[TASK INPUTS]
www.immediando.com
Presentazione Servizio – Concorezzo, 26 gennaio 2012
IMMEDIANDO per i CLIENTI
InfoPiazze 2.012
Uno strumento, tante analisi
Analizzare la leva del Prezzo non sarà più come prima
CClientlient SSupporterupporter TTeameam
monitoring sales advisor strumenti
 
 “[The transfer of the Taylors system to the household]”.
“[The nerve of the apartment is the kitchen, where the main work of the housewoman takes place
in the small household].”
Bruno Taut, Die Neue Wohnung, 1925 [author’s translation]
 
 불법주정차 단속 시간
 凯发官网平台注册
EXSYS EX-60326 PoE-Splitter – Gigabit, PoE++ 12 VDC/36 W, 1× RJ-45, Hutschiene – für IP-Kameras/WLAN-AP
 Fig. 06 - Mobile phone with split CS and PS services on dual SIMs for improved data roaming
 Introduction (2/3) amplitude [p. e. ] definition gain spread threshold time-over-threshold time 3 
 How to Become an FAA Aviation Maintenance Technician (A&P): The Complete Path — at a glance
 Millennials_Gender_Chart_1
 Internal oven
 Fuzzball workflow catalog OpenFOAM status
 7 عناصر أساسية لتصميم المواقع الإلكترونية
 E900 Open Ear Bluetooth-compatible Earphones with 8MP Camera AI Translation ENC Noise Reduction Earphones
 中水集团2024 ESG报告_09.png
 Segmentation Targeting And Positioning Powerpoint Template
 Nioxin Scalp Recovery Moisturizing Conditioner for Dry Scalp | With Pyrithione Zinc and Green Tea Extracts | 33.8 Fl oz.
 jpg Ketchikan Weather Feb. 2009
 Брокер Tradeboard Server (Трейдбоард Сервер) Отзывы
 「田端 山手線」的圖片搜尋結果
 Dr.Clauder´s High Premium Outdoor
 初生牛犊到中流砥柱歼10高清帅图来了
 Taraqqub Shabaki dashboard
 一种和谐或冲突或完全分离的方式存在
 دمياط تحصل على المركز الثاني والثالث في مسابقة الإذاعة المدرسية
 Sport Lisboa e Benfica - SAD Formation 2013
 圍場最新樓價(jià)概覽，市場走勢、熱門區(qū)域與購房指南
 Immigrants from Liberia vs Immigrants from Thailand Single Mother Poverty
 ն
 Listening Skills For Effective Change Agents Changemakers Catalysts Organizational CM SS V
[/TASK INPUTS]
> WHAT TO PRODUCE: Type out again, exactly as written, the lines from the beginning of the material through the one containing "Introduction (2/3) amplitude".

> RESPONSE:
www.immediando.com
Presentazione Servizio – Concorezzo, 26 gennaio 2012
IMMEDIANDO per i CLIENTI
InfoPiazze 2.012
Uno strumento, tante analisi
Analizzare la leva del Prezzo non sarà più come prima
CClientlient SSupporterupporter TTeameam
monitoring sales advisor strumenti
 
 “[The transfer of the Taylors system to the household]”.
“[The nerve of the apartment is the kitchen, where the main work of the housewoman takes place
in the small household].”
Bruno Taut, Die Neue Wohnung, 1925 [author’s translation]
 
 불법주정차 단속 시간
 凯发官网平台注册
EXSYS EX-60326 PoE-Splitter – Gigabit, PoE++ 12 VDC/36 W, 1× RJ-45, Hutschiene – für IP-Kameras/WLAN-AP
 Fig. 06 - Mobile phone with split CS and PS services on dual SIMs for improved data roaming
 Introduction (2/3) amplitude [p. e. ] definition gain spread threshold time-over-threshold time 3 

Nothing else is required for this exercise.